Basically, Week 9 wasn’t just a bye week for most of my fantasy players; it was a bye week for me.

Will it continue next week? We’ll see. I’ll at least keep up with fantasy football, but this recap should be fun considering I didn’t see a single snap.

So, let’s get to it.

Houserville and Jerk are about to vie for AFC supremacy after they both improved to 8-1 last week beating the Johnson brothers.

The Ville had no trouble beating my island of misfit toys as he had five players hit double-digits, whereas my only double-digit scorer was my kicker. Where's Cairo Santos when I need a pick-me-up?

Jerk was less balanced, getting 47 from Marcus Mariota and less than that from everybody else. Still not impressed, but 8-1 makes me respect the three-game lead he has on the best team in the division.

No, I'm not being pompous.

I'm not the best team.

Choo is. Watch out for him. He's giddy about his fantasy baseball sleeper getting traded to the Yankees, but don't be fooled; he's silently getting excited about fantasy football.

Noise would have beat the Jerk had Jawz never traded Mariota for Kaepernick, one of the oddest trades I’ve ever seen.

Jawz would have won, too, had he not made the trade and started Mariota over the struggling and now-injured Peyton Manning. He lost to Choo who continues to roll, scoring another 94.9 points.
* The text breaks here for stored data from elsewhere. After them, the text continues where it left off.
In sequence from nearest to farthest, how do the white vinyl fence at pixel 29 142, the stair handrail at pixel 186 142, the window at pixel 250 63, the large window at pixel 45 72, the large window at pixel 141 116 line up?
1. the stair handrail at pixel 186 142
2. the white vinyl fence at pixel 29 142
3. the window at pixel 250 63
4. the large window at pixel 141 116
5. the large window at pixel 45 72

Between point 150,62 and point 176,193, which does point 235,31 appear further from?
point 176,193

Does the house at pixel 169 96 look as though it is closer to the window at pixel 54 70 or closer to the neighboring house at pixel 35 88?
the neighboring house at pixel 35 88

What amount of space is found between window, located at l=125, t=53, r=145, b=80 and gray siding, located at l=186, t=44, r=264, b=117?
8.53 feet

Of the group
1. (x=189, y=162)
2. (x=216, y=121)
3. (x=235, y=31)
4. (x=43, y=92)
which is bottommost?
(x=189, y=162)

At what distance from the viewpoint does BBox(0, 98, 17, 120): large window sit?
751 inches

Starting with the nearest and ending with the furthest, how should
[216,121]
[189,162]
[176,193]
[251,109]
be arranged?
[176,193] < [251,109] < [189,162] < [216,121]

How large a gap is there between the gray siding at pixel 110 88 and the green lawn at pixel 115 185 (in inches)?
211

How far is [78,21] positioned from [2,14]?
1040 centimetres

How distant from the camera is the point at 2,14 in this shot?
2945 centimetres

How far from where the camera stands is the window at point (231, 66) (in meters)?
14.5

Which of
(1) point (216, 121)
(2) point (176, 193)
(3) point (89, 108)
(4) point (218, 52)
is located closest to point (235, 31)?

He’s way out in front with 876.6 points, leading Houserville who has 826.4. Choo is a scoring machine and I'm glad that with two teams at 8-1, I wouldn't face him in the playoffs until at least the AFC Championship. Now, that would be fun.

But let's not get ahead of ourselves.

Choo and I are both 5-4 and have work to do to hold on to our playoff positions.

As far as the AFC picture looks, Houserville can clinch the division with a win, while the Jerk clinches the division with a win and losses by both the Choo and the Jammers.

The aforementioned Choo and Jammers are, as mentioned, in line for the two AFC wild cards, while the Noise sits a game out, Fear and Jawz sit two out, and the Slackers are on the verge of elimination, needing a miracle at this point.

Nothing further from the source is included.